## Work item
All lines from the one containing "The first thing" through the final line of the records below should be reproduced exactly, with the pictures left out.

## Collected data
•••

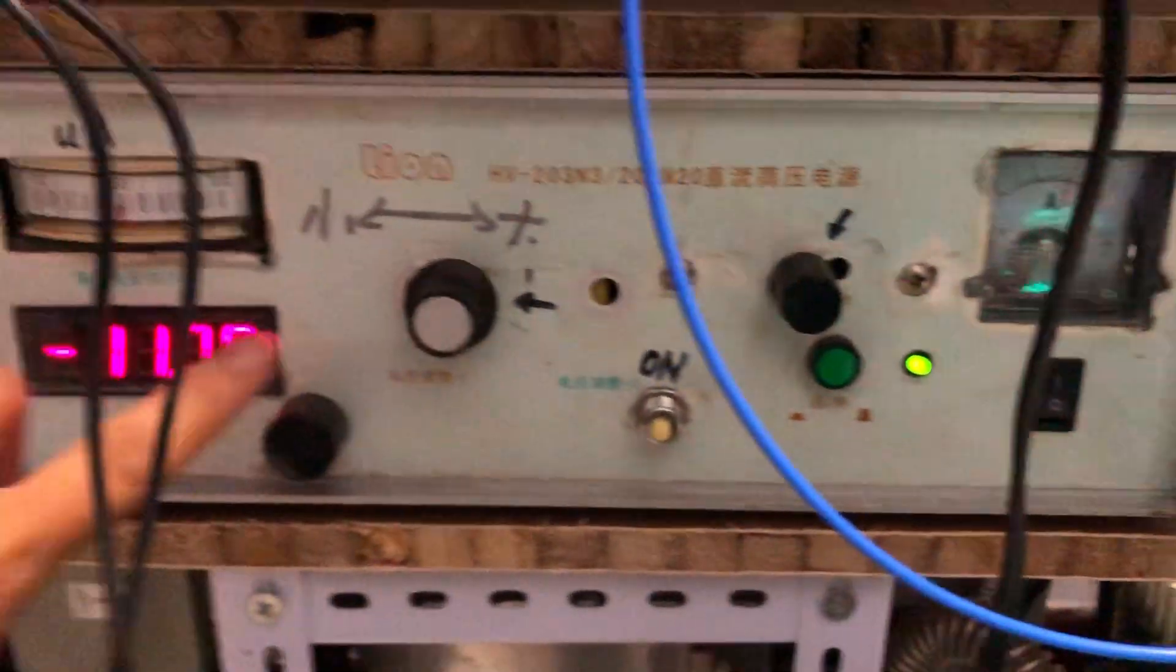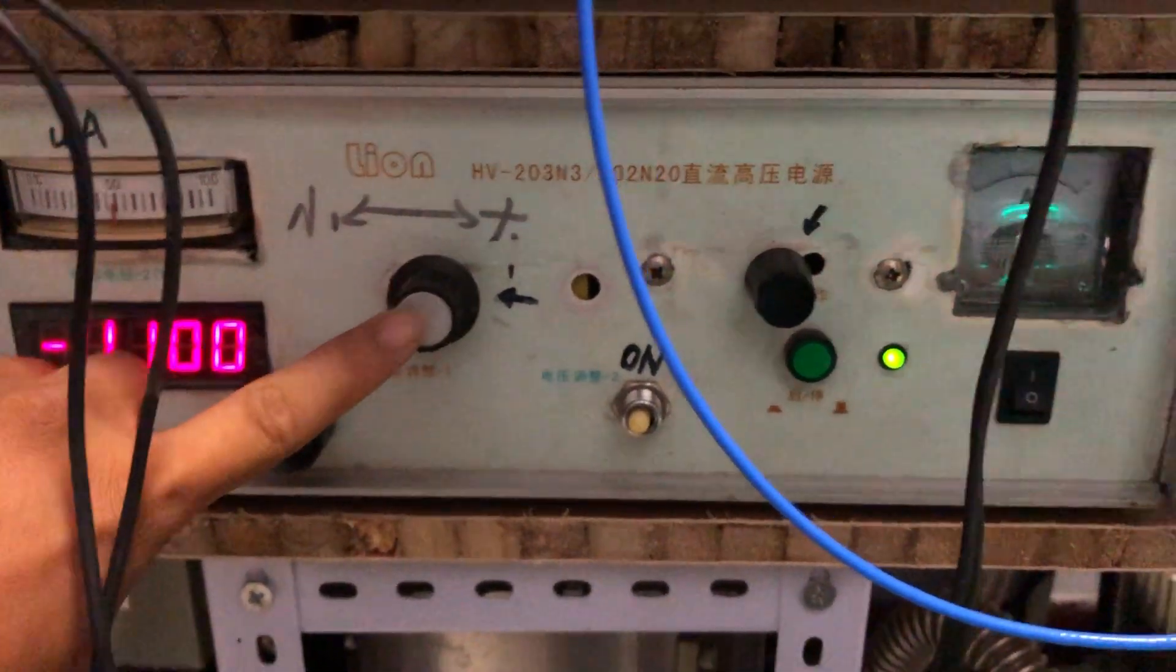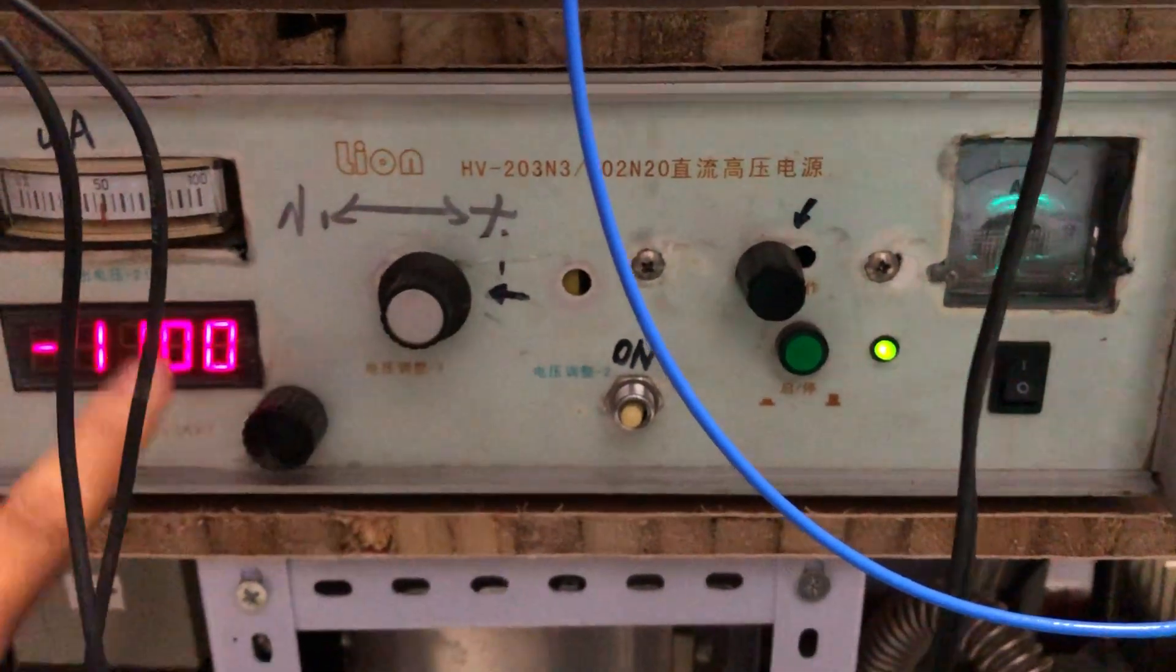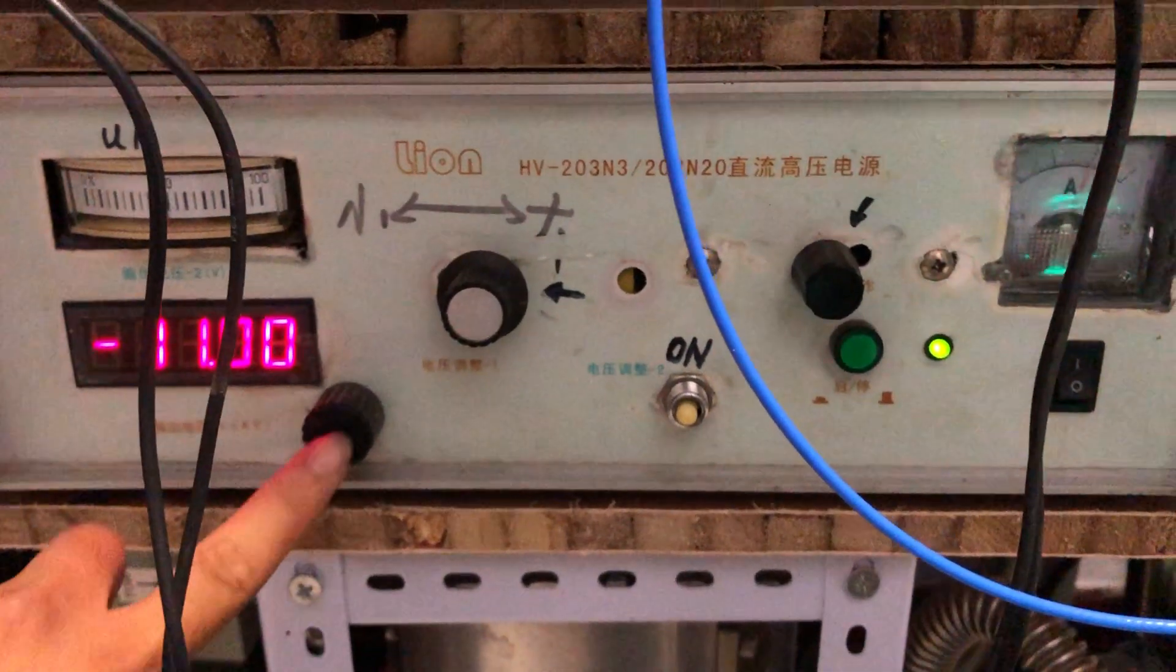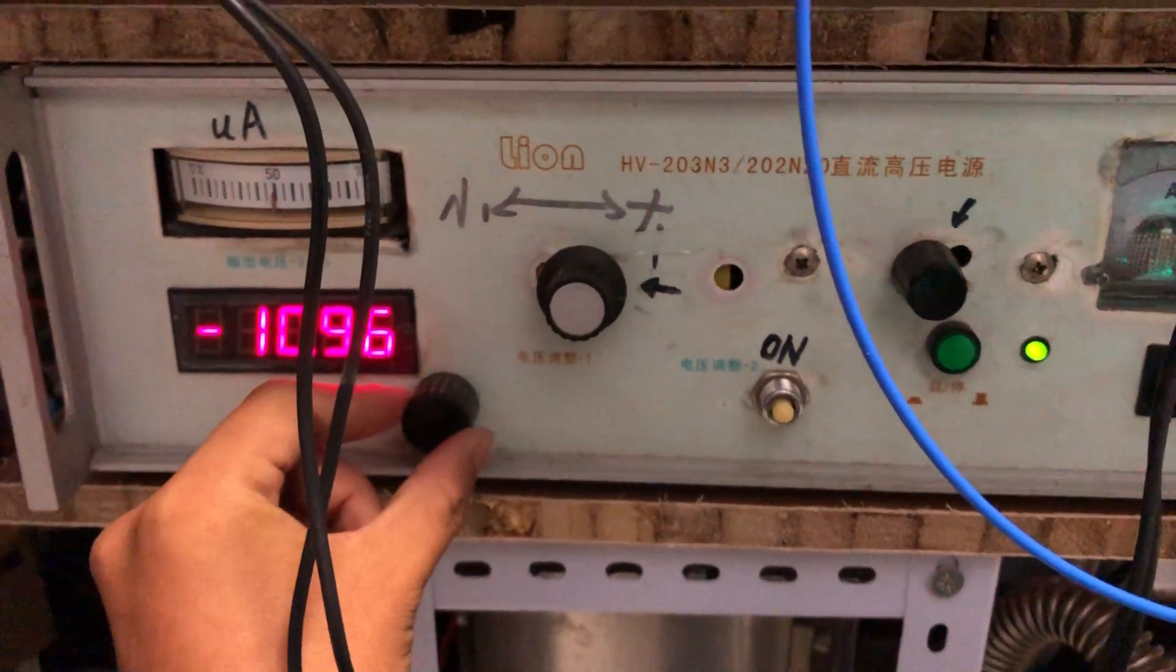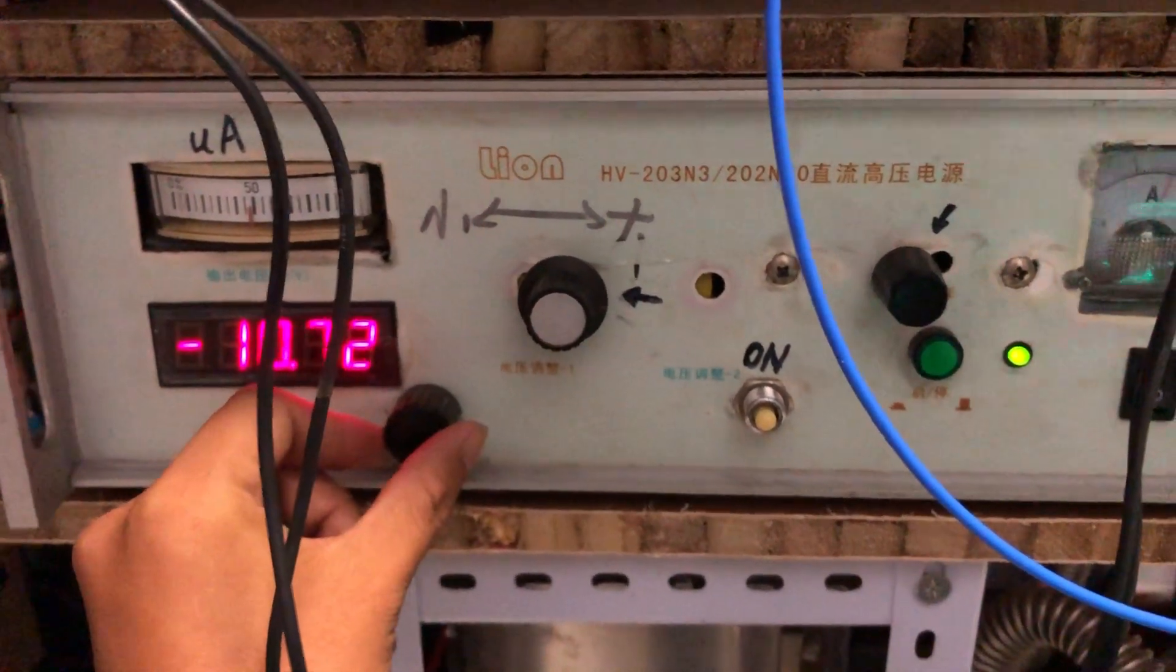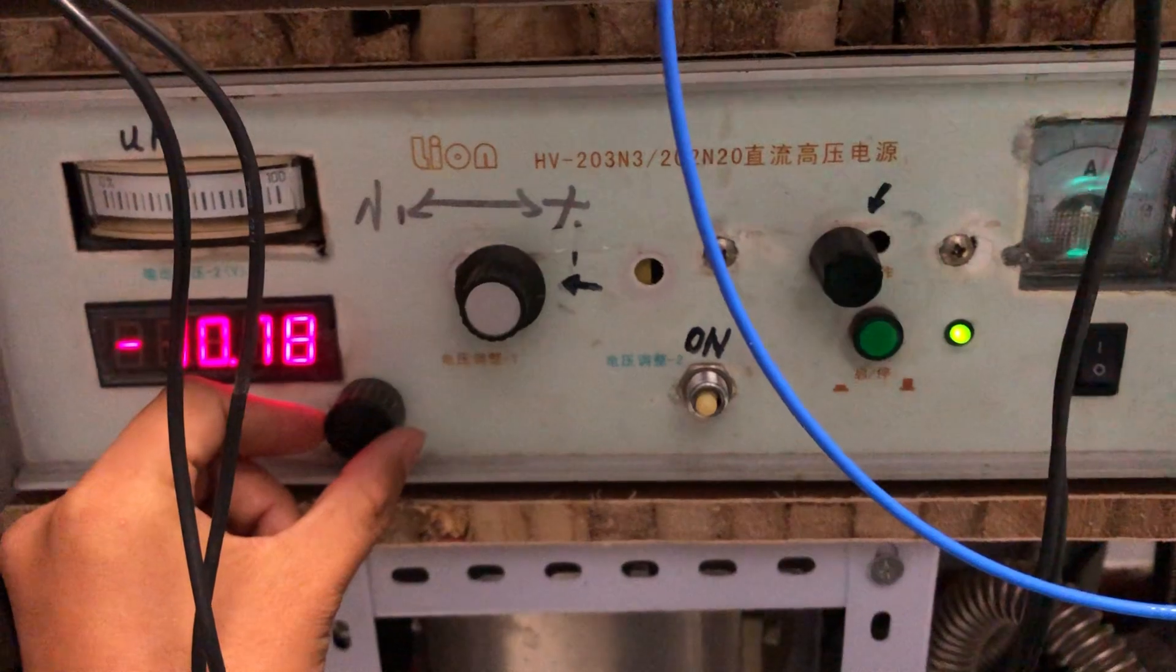Here is the filament voltage control. Here is the high voltage control. I can turn it on and off.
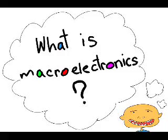What are macro electronics? We see macro electronics everywhere in our daily lives. Macro electronics are large-scale electronic devices.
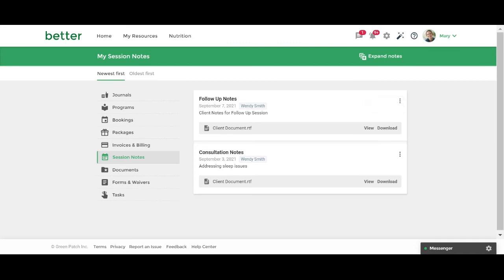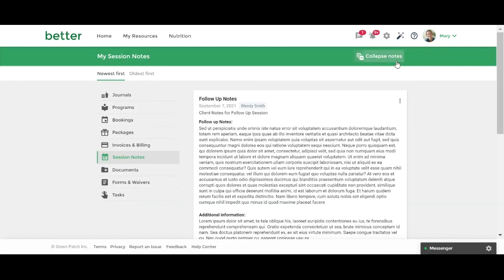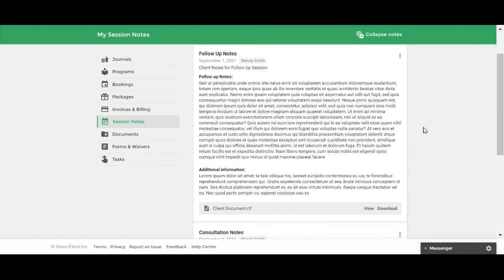Optionally, you can quickly expand your notes to read by clicking on the expand notes button located on the top right of your portal. Any attachments will be displayed beneath each note.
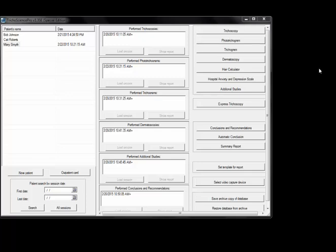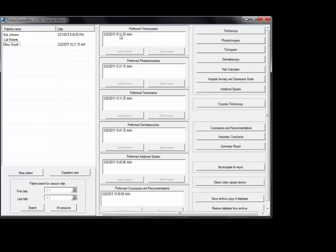So now I'm going to go over the tools unique to TricoScience Pro software that allows you to achieve a trichoscopy study. I'm going to click this patient here and I'm going to load a previous session that I've done to achieve a trichoscopy study.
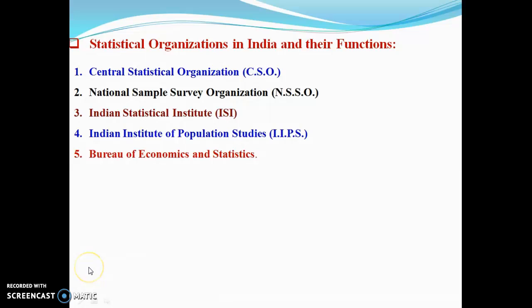So these are the statistical organizations in India and their functions. In the next lecture, we are going to discuss the next topic, that is the collection of data and types of data.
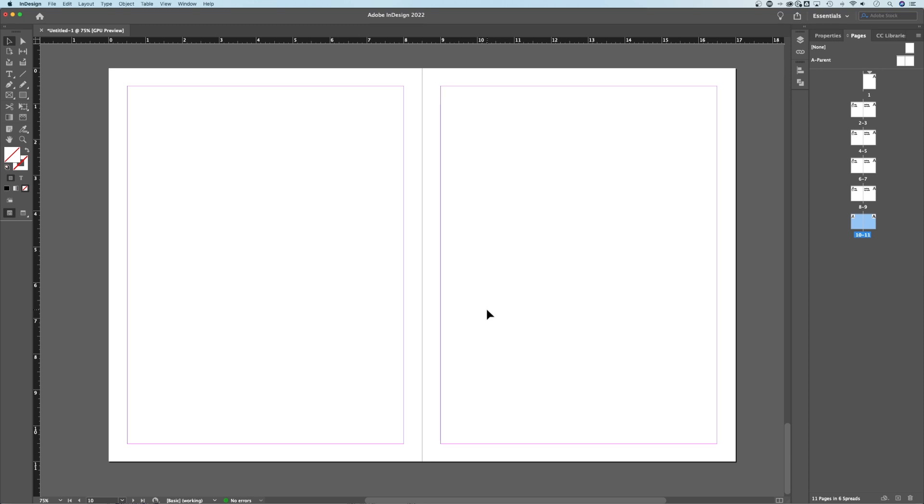That's how to quickly and easily add spreads to your InDesign documents.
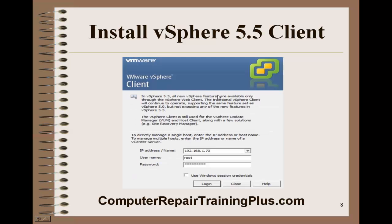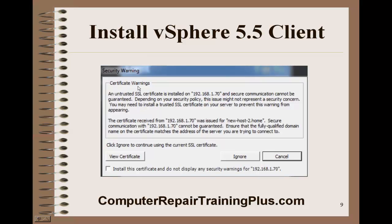You'll see a screen here for logging in to our hypervisor. Put that IP address in there — 192.168.1.70. Root is going to be our default username, and then type in that password. The default password we've been using for the hypervisor is VMware123. Then go ahead and click Login. You'll get another certificate warning — go ahead and ignore this.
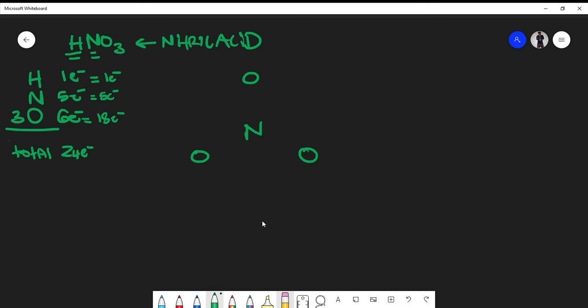I'm going to start with a single bond — not a triple bond — because a single bond consists of only two electrons, which is the lowest amount. You always want to start low and then build up. So I'll form single bonds between my nitrogen and my oxygens. Each single bond has one electron from the nitrogen and one from the oxygen, giving two electrons per bond. That's two, four, six electrons used — leaving 18 more to place.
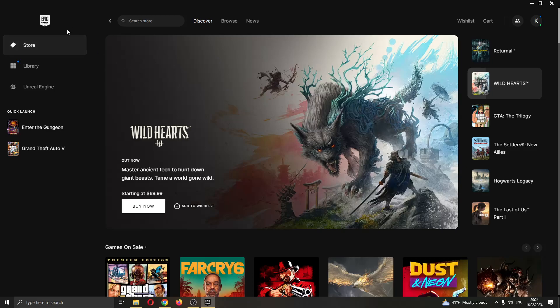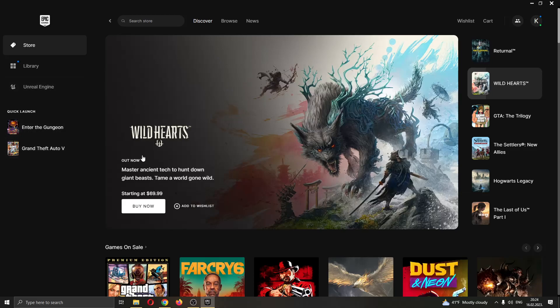The first thing you want to do is go ahead and open up the Epic Games launcher if you haven't already. After opening up Epic Games and logging in to your account, you'll be greeted by this main page right here where you can see all the games that you own on your account and all the games that you can buy in the Epic Games store.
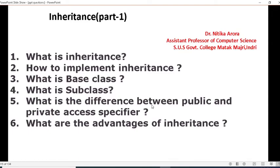Hello students, I am Nithika Aroda, Assistant Professor of Computer Science from Shahid Uddhansingh Government College, Matak Mahajrindri. Today the topic is Inheritance. In the video you have learned about this topic — inheritance in C++. So there are some questions based on this topic.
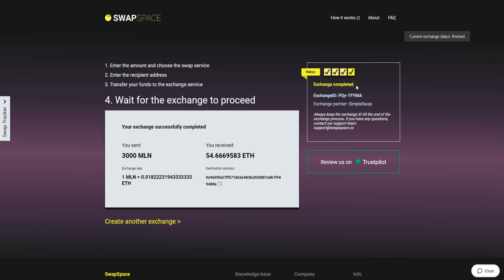And that's it. Now you've learned how to swap Melon to Ether in a fast and easy way. Don't forget to leave a review on Trustpilot. Thanks for watching and hope to see you on SwapSpace.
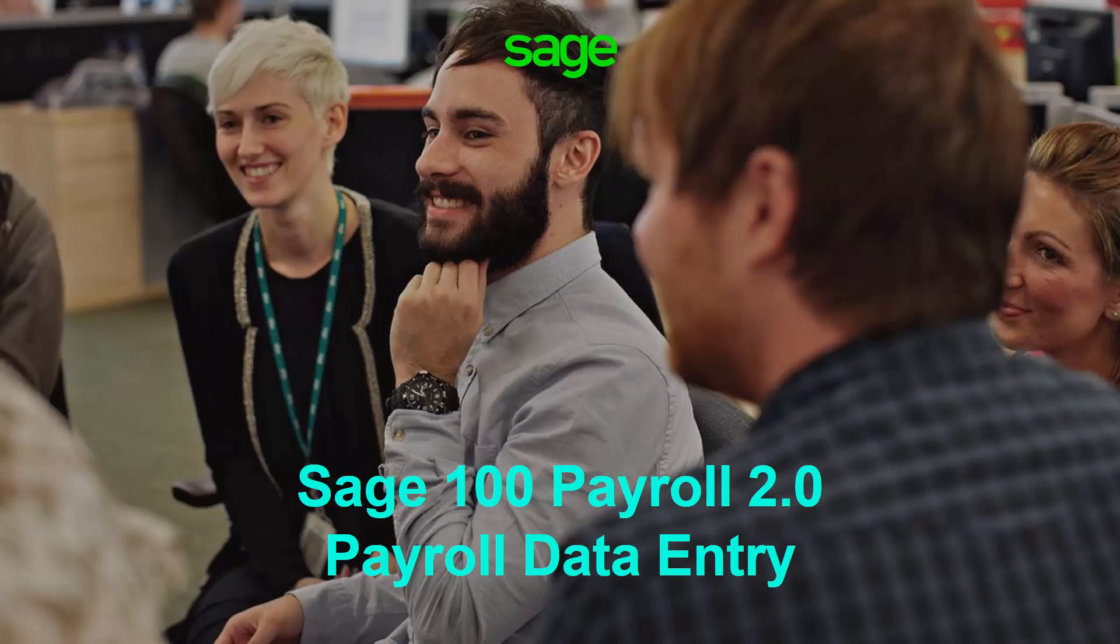The purpose of this demo is to showcase the progress we have made with Payroll 2.0. Please note that this information is subject to change since development is still in progress. In this demo we will be highlighting the new features in Payroll Data Entry.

•••

## Output of the task
The first thing you want to do is go ahead and open up the Epic Games launcher if you haven't already. After opening up Epic Games and logging in to your account, you'll be greeted by this main page right here where you can see all the games that you own on your account and all the games that you can buy in the Epic Games store.
Hello students, I am Nithika Aroda, Assistant Professor of Computer Science from Shahid Uddhansingh Government College, Matak Mahajrindri. Today the topic is Inheritance. In the video you have learned about this topic — inheritance in C++. So there are some questions based on this topic.
And that's it. Now you've learned how to swap Melon to Ether in a fast and easy way. Don't forget to leave a review on Trustpilot. Thanks for watching and hope to see you on SwapSpace.
The purpose of this demo is to showcase the progress we have made with Payroll 2.0. Please note that this information is subject to change since development is still in progress. In this demo we will be highlighting the new features in Payroll Data Entry.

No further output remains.